Entries provided
• • • • • • •

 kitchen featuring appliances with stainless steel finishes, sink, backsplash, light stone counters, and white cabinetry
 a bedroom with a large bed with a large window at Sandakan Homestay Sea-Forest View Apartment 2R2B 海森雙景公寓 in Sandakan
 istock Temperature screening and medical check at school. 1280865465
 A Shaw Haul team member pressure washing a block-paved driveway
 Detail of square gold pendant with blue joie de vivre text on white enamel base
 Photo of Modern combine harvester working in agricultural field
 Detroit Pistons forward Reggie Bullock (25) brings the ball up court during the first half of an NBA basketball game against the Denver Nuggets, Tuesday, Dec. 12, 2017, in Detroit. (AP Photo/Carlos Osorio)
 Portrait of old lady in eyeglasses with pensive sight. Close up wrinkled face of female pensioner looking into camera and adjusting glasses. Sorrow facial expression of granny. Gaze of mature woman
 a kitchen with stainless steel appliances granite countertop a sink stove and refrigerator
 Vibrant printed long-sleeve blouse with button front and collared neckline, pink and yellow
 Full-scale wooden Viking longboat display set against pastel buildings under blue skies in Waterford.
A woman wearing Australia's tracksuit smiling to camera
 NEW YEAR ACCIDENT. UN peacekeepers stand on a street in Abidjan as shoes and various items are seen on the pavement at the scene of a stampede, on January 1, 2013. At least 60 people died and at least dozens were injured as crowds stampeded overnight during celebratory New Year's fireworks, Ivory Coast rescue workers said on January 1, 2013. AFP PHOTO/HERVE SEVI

• • • • • • •

Your answer should consist of the lines above that hold the word "appliances", copied exactly.

Solution below
 kitchen featuring appliances with stainless steel finishes, sink, backsplash, light stone counters, and white cabinetry
 a kitchen with stainless steel appliances granite countertop a sink stove and refrigerator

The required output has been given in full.